Sanger is no less controversial today than she was a century ago, albeit for different reasons. Recently Planned Parenthood, the contraception and abortion charity she helped found, disavowed Sanger for her enthusiasm for eugenics, which was considered a progressive cause in Sanger’s time. But 100 years ago, Sanger faced threats and even arrest for campaigning to make contraception and contraceptive knowledge widely available.

In 1929, she published Motherhood in Bondage, a collection of excerpts from letters sent to her by women desperate for help with fertility. The book gives an inkling of what life looks like when you’re poor and your fertility is not within your control: a litany of exhausted, ground-down, ill and impoverished women, many on their seventh or eighth pregnancy in their mid-twenties, begging Sanger for information or help on “how to don’t have more children”, as one correspondent put it. One writes:

My smallest baby is three months old and I’m afraid I’ll get pregnant any time from now on. So please give me some kind of advice because I cannot support what I got and when they are four I don’t know what to do. I’m only twenty years of age.

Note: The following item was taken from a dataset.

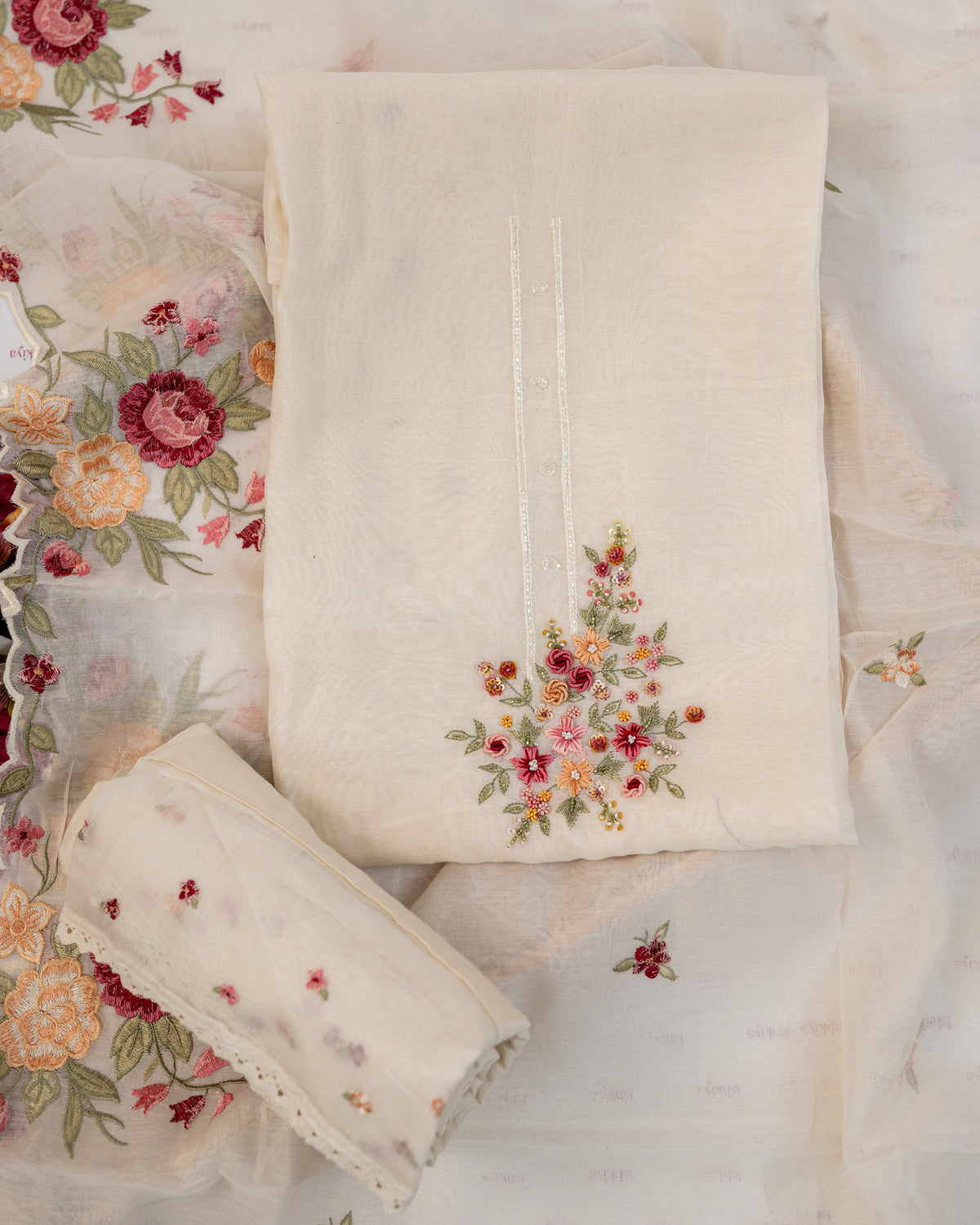 TAPISH-Unstitched Mul-Chanderi Suit Set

Sanger was one of the first feminists to campaign for a woman’s right to be, as she put it, “the absolute mistress of her own body”. A century on, in the developed West, her goal has been largely reached. While accidental pregnancies still happen, the vast majority of women are able to access contraception, emergency contraception and — should they wish it — abortion services.

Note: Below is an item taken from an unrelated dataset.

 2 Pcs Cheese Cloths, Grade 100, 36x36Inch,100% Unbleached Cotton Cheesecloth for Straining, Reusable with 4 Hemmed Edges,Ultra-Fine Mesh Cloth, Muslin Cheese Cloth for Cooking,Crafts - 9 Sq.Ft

The grim condition of those impoverished early twentieth-century women, struggling to feed and clothe an ever-growing brood, is happily a thing of the past. But I wonder if we can take this for granted in perpetuity.

The story of contraceptive manufacturing is, broadly speaking, the story of manufacturing generally: offshored to Asia to reduce overheads, with only branding, administration and R&D still predominantly based in Europe. Durex, once the British Rubber Company, has based its entire condom manufacturing capacity in China, India and Thailand. The vast majority of oral contraceptives, as well as the component ingredients used in their creation, are manufactured in China and India. No one makes contraceptives in Britain.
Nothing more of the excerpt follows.